Manning the left-field line in Game 2 of the Yankees-Twins series, Cuzzi managed to miss Joe Mauer's fly ball landing fair by almost a foot despite being right on top of the play.
You didn't need high definition to suss this one out. Abraham Zapruder's grainy 8mm would have more than sufficed. As would 20-80 vision. But Cuzzi whiffed on a call that couldn't even be considered particularly difficult.
The day after the call had contributed to the Twins' extra-inning loss (though not as mightily as bat-shy firestarter Joe Nathan), Mauer was diplomatic.
"Why dwell on something you can't do anything about?'' he said, taking the line Selig surely wishes all his charges would adopt.
But Joe, we can do something. We can watch a replay and get the call right.
Twins manager Ron Gardenhire seemed to understand that when he said, "I would have had to call my coaches up in the booth. Give me a headset and give me a flag, we can fix this stuff.''
But he quickly backtracked, remembering baseball's long tradition of blown calls, euphemistically referred to as "the human element."

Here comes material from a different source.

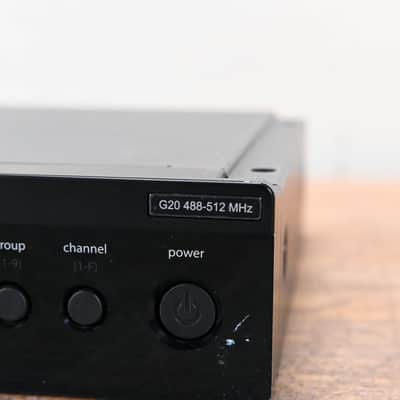 Shure PSM 300 Wireless IEM System G20 Range: 488-512 MHz NO POWER SUPPLY CG0077V image 7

"The great thing about baseball is the human element, and we always want to keep it that way," Gardenhire said. "I think if you saw the last game against Detroit, the ball looked like it might have hit Brandon [Inge's] jersey. That was a run. The game could have went that way, so breaks are part of it and they went against us this time."
Yeah, why use replay when you can just wait for the next awful call to even things out?
Unless, of course, all the calls go against you.
The Rockies must be wondering what they ever did to Jerry Meals and Ron Kulpa.
With Colorado and Philadelphia tied 5-5 in the top of the ninth of their pivotal Game 3, Jimmy Rollins on second and one out, Chase Utley appeared to foul a ball off himself in the batter's box.
When he began running to first I figured my eyes and my 46-inch HD TV must have tricked me.
As it turned out, it was Utley's action that tricked the umps. Replays revealed the ball had clearly hit him in the leg before rolling fair, but home plate ump Meals missed it.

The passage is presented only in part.